Even though the CC Times is local, it is owned by the Bay Area Newsgroup, which is owned by the big newspaper conglomerate, Media News Group. Many of the long-time reporters were laid off after MediaNews merged the Contra Costa and Alameda County newspapers a few years ago. Independent news has been shrinking in the last 20 or 30 years.

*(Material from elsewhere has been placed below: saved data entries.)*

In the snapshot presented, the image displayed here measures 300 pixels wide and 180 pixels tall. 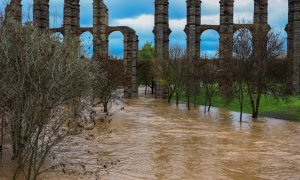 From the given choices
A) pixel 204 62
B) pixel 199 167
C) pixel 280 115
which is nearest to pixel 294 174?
pixel 199 167

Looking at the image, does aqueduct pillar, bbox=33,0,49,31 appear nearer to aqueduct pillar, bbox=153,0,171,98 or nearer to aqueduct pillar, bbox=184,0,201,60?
aqueduct pillar, bbox=153,0,171,98

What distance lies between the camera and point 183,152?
15.8m

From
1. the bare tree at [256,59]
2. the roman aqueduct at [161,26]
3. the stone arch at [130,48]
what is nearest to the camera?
the bare tree at [256,59]

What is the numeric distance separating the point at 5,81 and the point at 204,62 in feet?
91.9

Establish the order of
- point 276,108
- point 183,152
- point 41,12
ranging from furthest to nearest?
1. point 41,12
2. point 276,108
3. point 183,152

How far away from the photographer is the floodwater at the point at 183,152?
12383 millimetres

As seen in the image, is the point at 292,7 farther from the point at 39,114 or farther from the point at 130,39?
the point at 39,114

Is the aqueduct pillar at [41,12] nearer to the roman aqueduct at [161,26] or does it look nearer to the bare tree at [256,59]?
the roman aqueduct at [161,26]

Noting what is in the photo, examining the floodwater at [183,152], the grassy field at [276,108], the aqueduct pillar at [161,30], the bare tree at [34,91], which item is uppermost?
the aqueduct pillar at [161,30]

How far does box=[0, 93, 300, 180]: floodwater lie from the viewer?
12383 millimetres

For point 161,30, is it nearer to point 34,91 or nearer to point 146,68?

The San Ramon Patch is another online paper that appears to be local, and it is staffed by local people and bloggers galore, but the Patch organization is run by America Online. So the Patch is part of a big media conglomerate too.

Embarcadero Publishing really is local media. Along with The Pleasanton Weekly, the East Bay Division publishes the San Ramon Express, Danville Express, and the TriValleyViews, which sort of covers Dublin, but looks like something half-way between Pleasanton and San Ramon (oops that is Dublin).

I asked Gina if some of the $60 I paid on the Pleasanton Weekly website helps support the San Ramon and Danville Expresses. Here's what she said:

"First, thank you for supporting us!

You are correct that a small portion goes toward supporting the Danville and San Ramon Expresses because of the way the division is staffed. Jessica (Lipsky) is primarily responsible for the Danville and San Ramon sites and the daily emails. However, the Pleasanton Weekly staff frequently contributes stories that are appropriate for the sites, and Jessica's stories often appear on We all watch over the Town Square forums, and the calendars are done by a Pleasanton Weekly staffer. We've found this is the most efficient use of resources.

Hope this helps, and thank you for writing about it!"

I hope our San Ramon Express readers will contribute something to the Pleasanton Weekly's Support Local Journalism campaign too. We really need these local papers, whether online or in paper format, to cover local issues and events. Big media is often out of touch and controls too much of the mindset of viewers and readers. We need the diversity of thought that our local papers provide, including the Express, the Patch, and even the CC Times.
What is it worth to you?


Posted by Roz Rogoff, the San Ramon Observer,
on Sep 9, 2012 at 1:04 pm

Roz Rogoff is a registered user.

Oops, I meant $1 a week for the online Contra Costa Times.